Ülkece zor zamanlar yaşıyoruz. Ama beni en çok sevindiren bu birlik duygusu.
Yaşadığımız son kötü olaylarla galiba aslında hepimizin aynı şeyi istediğini daha net görebildik.
Herkes aynı gemide ve ‘huzur’ istiyor.
Bu gemi batarsa birlikte batacağız.
Tek kurtuluşumuz birlik olmak ve demokrasiye sahip çıkmak.
Ancak insanların korkularını, endişelerini kullanıp ne amaca hizmet ettikleri belli olmayan bir grup var.
Böyle kriz anlarında ortaya olmadık hikayeler ortaya atıp bir kenara çekilip izliyorlar.
Uyduruk hikayeler, asparagas haberler dilden dile dolaşıyor. Hikayeyi beğenen sosyal medyada arkadaşlarıyla paylaşıyor. İşin aslı astarı belli değil!
Tarihin en büyük buluşlarından biri olan internet maalesef kötü niyetli çakalların elinde nimet olmaktan çıkıp Pandora’nın Kutusu’na dönüşebiliyor.
Uçsuz bucaksız bir bilgi kirliliği.

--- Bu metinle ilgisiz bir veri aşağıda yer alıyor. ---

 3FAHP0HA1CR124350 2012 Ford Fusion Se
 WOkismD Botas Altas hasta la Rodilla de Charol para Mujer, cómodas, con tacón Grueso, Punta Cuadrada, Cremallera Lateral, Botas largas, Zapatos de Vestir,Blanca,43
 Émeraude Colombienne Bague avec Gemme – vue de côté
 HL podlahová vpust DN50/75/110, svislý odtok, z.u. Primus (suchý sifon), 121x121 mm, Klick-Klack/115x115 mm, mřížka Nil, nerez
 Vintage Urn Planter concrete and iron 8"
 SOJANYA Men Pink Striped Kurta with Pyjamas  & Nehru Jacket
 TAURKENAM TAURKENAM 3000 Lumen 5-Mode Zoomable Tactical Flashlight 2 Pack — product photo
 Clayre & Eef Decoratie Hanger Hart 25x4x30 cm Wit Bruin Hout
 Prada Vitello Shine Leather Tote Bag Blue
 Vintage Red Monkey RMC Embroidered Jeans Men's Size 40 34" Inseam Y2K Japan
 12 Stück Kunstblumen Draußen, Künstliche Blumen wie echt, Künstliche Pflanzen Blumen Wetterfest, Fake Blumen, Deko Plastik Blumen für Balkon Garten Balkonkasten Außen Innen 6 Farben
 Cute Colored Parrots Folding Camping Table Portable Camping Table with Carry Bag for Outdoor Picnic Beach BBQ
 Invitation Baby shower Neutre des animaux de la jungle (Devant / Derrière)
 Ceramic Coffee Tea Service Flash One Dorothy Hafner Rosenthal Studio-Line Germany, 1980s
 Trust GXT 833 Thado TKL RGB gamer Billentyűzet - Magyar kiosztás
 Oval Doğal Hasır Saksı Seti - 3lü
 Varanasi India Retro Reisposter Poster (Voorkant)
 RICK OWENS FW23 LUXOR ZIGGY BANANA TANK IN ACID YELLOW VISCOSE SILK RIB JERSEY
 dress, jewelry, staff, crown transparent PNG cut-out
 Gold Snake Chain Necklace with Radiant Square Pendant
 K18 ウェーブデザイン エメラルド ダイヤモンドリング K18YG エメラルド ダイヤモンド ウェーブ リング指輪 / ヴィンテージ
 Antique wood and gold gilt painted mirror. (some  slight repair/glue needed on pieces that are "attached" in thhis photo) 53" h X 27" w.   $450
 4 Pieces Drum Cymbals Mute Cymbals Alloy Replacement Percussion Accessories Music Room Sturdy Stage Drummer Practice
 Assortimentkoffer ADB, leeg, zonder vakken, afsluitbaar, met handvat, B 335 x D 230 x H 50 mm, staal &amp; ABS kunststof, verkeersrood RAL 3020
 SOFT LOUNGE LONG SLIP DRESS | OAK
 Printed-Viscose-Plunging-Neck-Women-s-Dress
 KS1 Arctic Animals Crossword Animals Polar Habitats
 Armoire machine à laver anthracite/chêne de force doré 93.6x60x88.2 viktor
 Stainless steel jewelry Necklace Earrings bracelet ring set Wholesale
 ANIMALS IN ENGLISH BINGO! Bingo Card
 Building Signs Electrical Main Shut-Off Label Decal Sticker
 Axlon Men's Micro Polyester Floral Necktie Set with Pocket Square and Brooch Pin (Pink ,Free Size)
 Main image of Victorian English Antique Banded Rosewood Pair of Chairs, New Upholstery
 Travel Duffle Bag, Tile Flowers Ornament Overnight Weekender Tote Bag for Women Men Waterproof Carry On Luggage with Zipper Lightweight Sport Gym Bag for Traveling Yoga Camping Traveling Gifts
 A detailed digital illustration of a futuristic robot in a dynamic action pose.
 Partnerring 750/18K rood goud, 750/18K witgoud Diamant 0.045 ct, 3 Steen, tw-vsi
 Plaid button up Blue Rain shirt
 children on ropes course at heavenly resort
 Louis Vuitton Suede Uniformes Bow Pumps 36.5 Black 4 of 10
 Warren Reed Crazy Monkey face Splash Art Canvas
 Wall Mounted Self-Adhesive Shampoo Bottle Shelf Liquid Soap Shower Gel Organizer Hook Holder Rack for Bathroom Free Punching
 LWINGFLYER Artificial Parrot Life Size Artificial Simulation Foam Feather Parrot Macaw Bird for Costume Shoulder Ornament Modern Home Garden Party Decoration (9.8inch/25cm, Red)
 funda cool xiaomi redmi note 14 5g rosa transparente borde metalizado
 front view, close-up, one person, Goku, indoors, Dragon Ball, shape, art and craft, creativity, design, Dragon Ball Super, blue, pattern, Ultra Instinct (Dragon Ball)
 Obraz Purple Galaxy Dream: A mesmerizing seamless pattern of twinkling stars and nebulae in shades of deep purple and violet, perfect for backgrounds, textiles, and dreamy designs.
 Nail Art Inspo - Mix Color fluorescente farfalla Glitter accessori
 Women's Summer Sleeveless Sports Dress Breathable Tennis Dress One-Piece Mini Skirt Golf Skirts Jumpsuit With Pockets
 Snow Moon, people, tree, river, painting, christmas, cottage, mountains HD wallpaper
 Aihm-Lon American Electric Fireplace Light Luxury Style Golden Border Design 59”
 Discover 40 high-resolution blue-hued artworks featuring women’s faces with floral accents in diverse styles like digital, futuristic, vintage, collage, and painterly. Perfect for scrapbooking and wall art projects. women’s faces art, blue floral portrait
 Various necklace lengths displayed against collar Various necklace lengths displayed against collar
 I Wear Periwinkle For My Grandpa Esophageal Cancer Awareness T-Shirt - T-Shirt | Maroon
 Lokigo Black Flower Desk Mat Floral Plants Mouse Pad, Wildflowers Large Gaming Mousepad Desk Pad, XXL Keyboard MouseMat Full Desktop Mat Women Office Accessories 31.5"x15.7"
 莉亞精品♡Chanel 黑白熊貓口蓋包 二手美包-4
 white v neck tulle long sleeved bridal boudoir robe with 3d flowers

Her kafadan ayrı bir ses çıkıyor, ayrı bir senaryo üretiliyor.

* * *

Hani havaalanlarında parfümeri reyonları vardır ya... Kokuları denemek için üzerinize ya da kolunuza sıkmaya başlarsınız... Üçüncü ya da dördüncüden sonra artık ne kokladığınızı ayırt edemez hale gelirsiniz, burnunuz koku almaz... İşte tam da öyle.
Bir yazı okuyorsunuz, mantıklı geliyor. Başka bir yerde değişik bir senaryo... E oda mantıklı derken, hadi bambaşka bir hikaye daha...
Bir bakıyorsunuz kaybolup gitmişsiniz, doğru bildiklerinizden de uzaklaşmışsınız.
Herkes aklına yatan bir komplo teorisiyle diğerleriyle didişmeye başlamış... Hayır o öyle değilmiş, böyleymiş... Önemli bir görevde olan çok yakın bir aile dostları demiş ki... Ne çok kişinin önemli yerlerde tanıdıkları varmış!
Ama maalesef hiçbirinin hikayesi bir diğerini tutmuyor.
Gerçek ise muamma olarak bir köşede kalıyor.
Bir süre sonra insan pes edip, gerçeği aramaktan vazgeçip, ne olacağını beklemeye başlıyor.
Sonunda zaten herkes sıkılıp ülkemizin milli lafı olan ve sözün bittiği yerde kullanılan sözü söylüyor.
‘Hayırlısı olsun...’ diyor.
E hadi bakalım hayırlısı olsun.


‘Ana’ mı? ‘Ane’ mi?


Sık kullandığımız ama bakıldığında söylenen söz ile anlamını tam oturtamadığımız bazı atasözleri var.
Mesela ‘’Ana gibi yâr, Bağdat gibi diyar olmaz’’.
Şu sıralar ‘Bağdat’ şarkısı da meşhur ya oradan kafama takıldı herhalde. Geçen gün bir yerde okudum aslı muhtemelen ‘’Ane gibi yar; Bağdat gibi diyar olmaz’’mış.
Buradaki ‘Ane’ kelimesi, Bağdat yakınlarındaki sarp bir uçurumun kuşattığı dik bir geçidin adıymış.
Bağdat gibi güzel şehir, Ane gibi de sarp, ama manzaralı ‘yar’ yani uçurum olmaz, demek isteniyormuş. Ama biz oradaki Ane’yi ana yapmışız. E kötü de olmamış.
Ana gibi yâr olmaz tabii.
Sevgiliniz dahil hiç kimse sizi anneniz gibi sevemez.